14 sep 2012 . Actualizado a las 07:00 h.

Tal como estamos, lo peor que le puede ocurrir a la nación española es esto: que se despedace. Y, una vez escuchado al señor Artur Mas ayer en Madrid, parece el destino marcado por los nacionalistas catalanes. No parece; es. El presidente de la Generalitat no ha usado palabras que alienten el reencuentro. De acuerdo con la terminología tópica que habla de puentes entre dos pueblos, dio la impresión de que está metido en la tarea de demoler los pocos que quedan. Invocó el cansancio mutuo, supone que la mayoría de los catalanes quieren romper con España, y se le nota que quiere ser el conductor de la transición hacia la soberanía plena. Así me imagino que deben ser las primeras conversaciones entre los matrimonios que se rompen.

Debo decir que el señor Mas no ha engañado a nadie. Nunca. Su referencia a la transición nacional, que ahora sorprende a tantos, está en sus primeros mensajes como presidente. Su labor de gobierno se caracteriza por fuertes recortes en el gasto público, pero sin tocar ni un céntimo de todo aquello que tiene que ver con su objetivo soberanista: ni subvenciones, ni inmersión lingüística, ni en alguna de las embajadas que la Generalitat tiene fuera de su territorio. Y su penúltima meta, que era alcanzar un concierto económico como el vasco y el navarro, ya no cuenta, porque ha descubierto su auténtica faz, que es la soberanía fiscal. Si no sale, para llenarse de razones contra el tan invocado maltrato de España a Cataluña. Y si sale, para sentar las bases del nuevo Estado, que él está llamado a presidir. Me gustaría, por cierto, ver su gesto cuando escuchó que en la gran manifestación del martes se coreaba «Catalunya independent; Artur Mas president».

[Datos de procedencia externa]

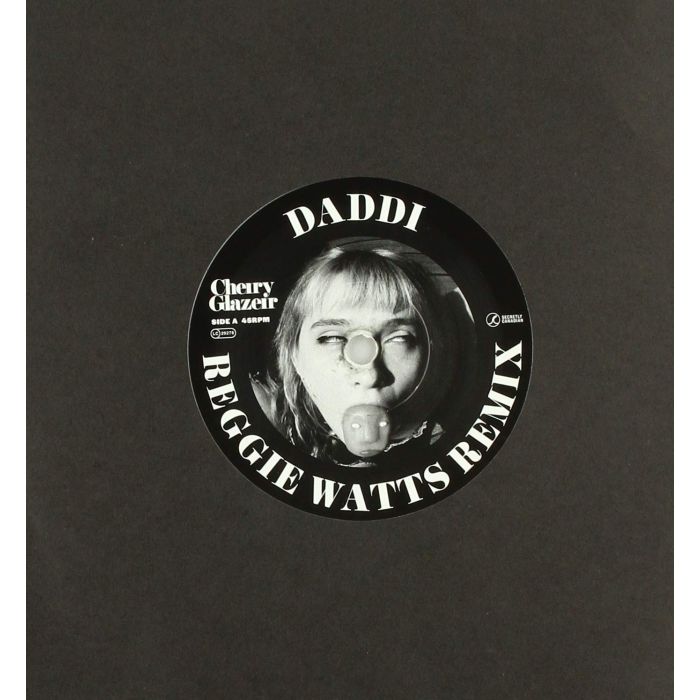 CHERRY GLAZERR - DADDI (REGGIE WATTS REMIX) B/W SELF EXPLAINED (TUNEYARDS REMIX)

Estamos asistiendo, por tanto, al apasionante espectáculo de ver cómo se construye un Estado y cómo se prepara la destrucción de otro que ha resistido siglos de asedios, guerras, dictaduras, momentos felices, intentos de ruptura, negocios compartidos y aventuras conjuntas. No dudo que para multitud de catalanes (más de los que se manifestaron en la Diada) es un trance emocionante. Me inquieta que todos los demás no tengan ningún cauce para expresar su deseo de seguir en España. No tienen quién recoja su voz, ni quién los represente, ni quién acoja sus razones, ni disponen de una plataforma que los aglutine. Están condenados a ser una minoría silenciosa, amorfa y posiblemente asustada ante el clima que los rodea. Y me intriga el silencio de los inversores, de las grandes empresas, del propio F.?C. Barcelona, llamado a jugar grandes partidos contra el Gimnástic de Tarragona. Pero la consigna del Gobierno central es que enfriemos el desafío. Correcto, lo enfriamos. Ya ponen otros el calor.